El dolor del alma no se divide, no se comparte, es de cada uno y permanece para siempre en el interior de quien penetra. Se llora, se canta, se oculta, puede ser una alarma y es opcional sufrirlo, porque doler duele, pero el sufrimiento es un sentir que puede acompañarlo, o no, según se afronta.
No se divide entre todos los que saben la causa del dolor, nadie puede penetrar tan hondo en la mente de un semejante, pero se puede comprender e interpretar según las experiencias propias y modelos aprendidos, que de alguna forma establecen analogías y despiertan sentimientos nobles ante una “escena de dolor”

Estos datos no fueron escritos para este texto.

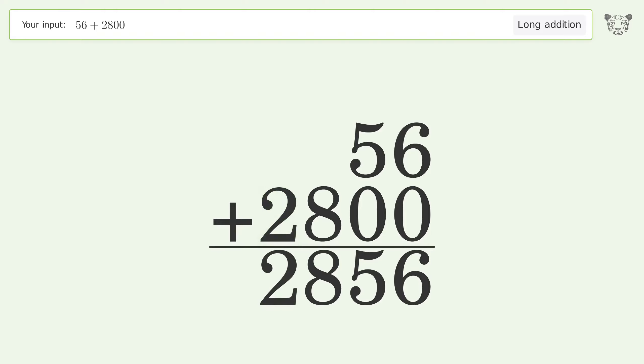Write 8 in the hundreds place. Write 2 in the thousands place. And so the final result is 2856.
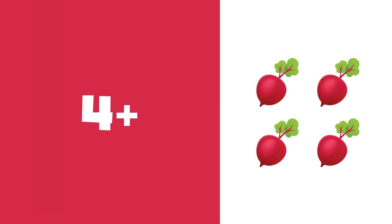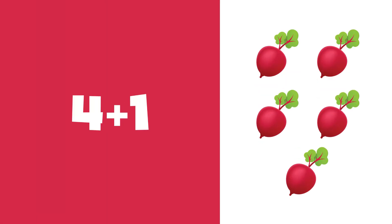4 plus 1 is equal to 5. 1, 2, 3, 4, 5. 5 beetroots.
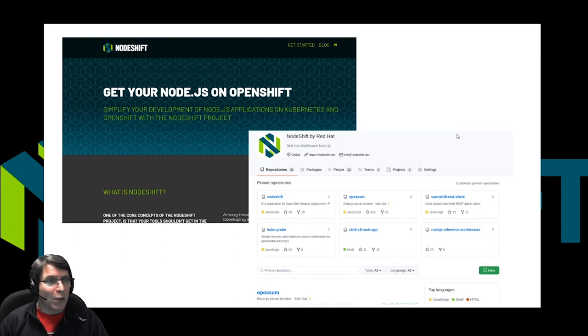In addition to working in the community, we also work on making sure that Node runs well and is well supported in Red Hat platforms like Red Hat Enterprise Linux, where we deliver containers in both RHEL containers and UBI containers, so that you can get and use Node.js in supported environments, as well as OpenShift, where we work to create modules like Node.shift, which will let you very easily deploy your Node applications to an OpenShift environment.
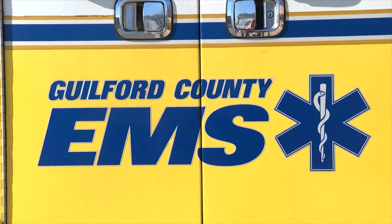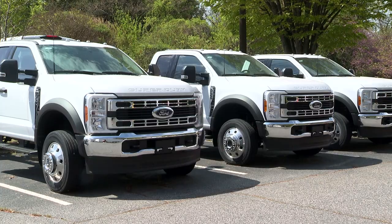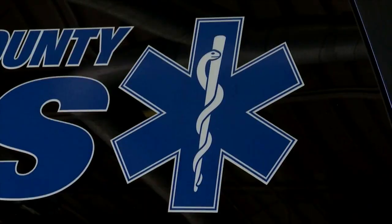Thanks to additional funding from the Guilford County Board of Commissioners, he says they can make sure they always stay ahead. We try to keep an eye towards the future and have those things in the pipeline for when we do need them, not to try to play catch up if we need them right now. Guilford County approved funding of more than half a million dollars for this project.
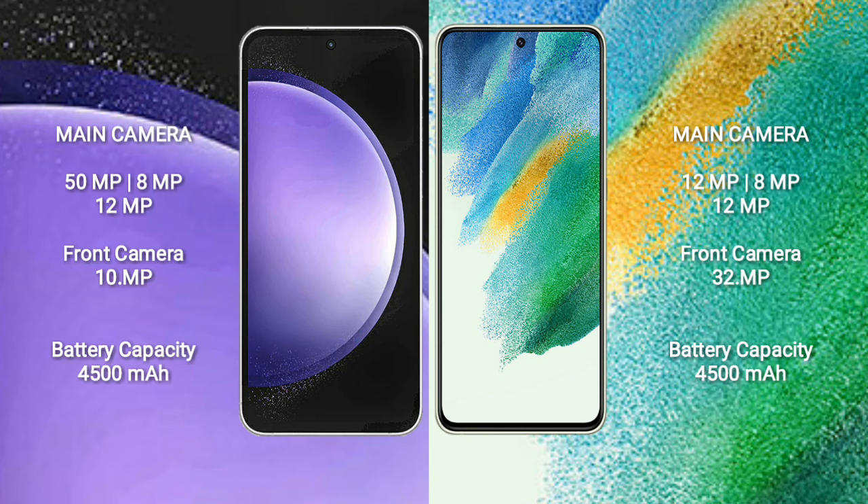The Samsung Galaxy S21 FE also has a 4500mAh battery with 25W fast charging support.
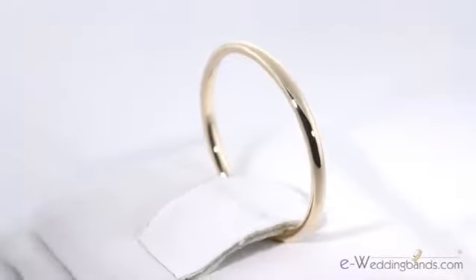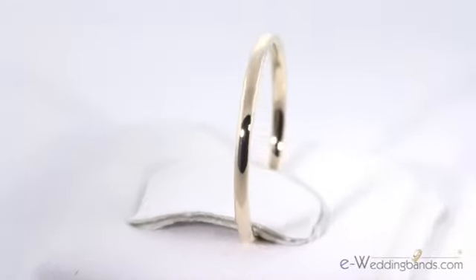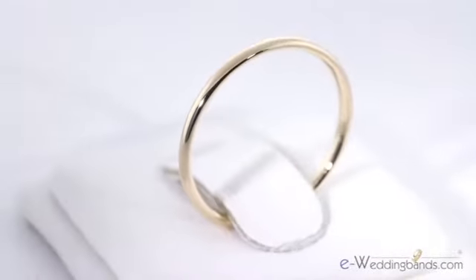It can be worn on one side of a ring as an accent or on both sides to create a stunning bridal trio. It's traditional 14k gold at a great price.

La alegría es el antídoto, la risa, que sí es contagiosa, que se expanda fácilmente y aflora en cuanto una sonrisa ilumina un rostro, en ese mismo instante. La primera sonrisa, la propia.
El dolor permanece en el alma durante toda la vida, se va transformando en el interior y adaptándose a los cambios, y es así como a veces se le describe como “una cicatriz”, deja huella. Aun se puede dar un paso más y convertirlo en carbón, como el árbol que se que quemó un día y enterrado en toneladas de instantes vividos intensamente, apretarlo contra si mismo hasta que el carbón se convierte en un cristal, en un diamante, el más duro y brillante de los cristales y el más frágil.
Ese es el tesoro secreto del dolor, que ilumina desde dentro a las personas que lo vencen integrándolo en su ser.
Así lo he aprendido yo.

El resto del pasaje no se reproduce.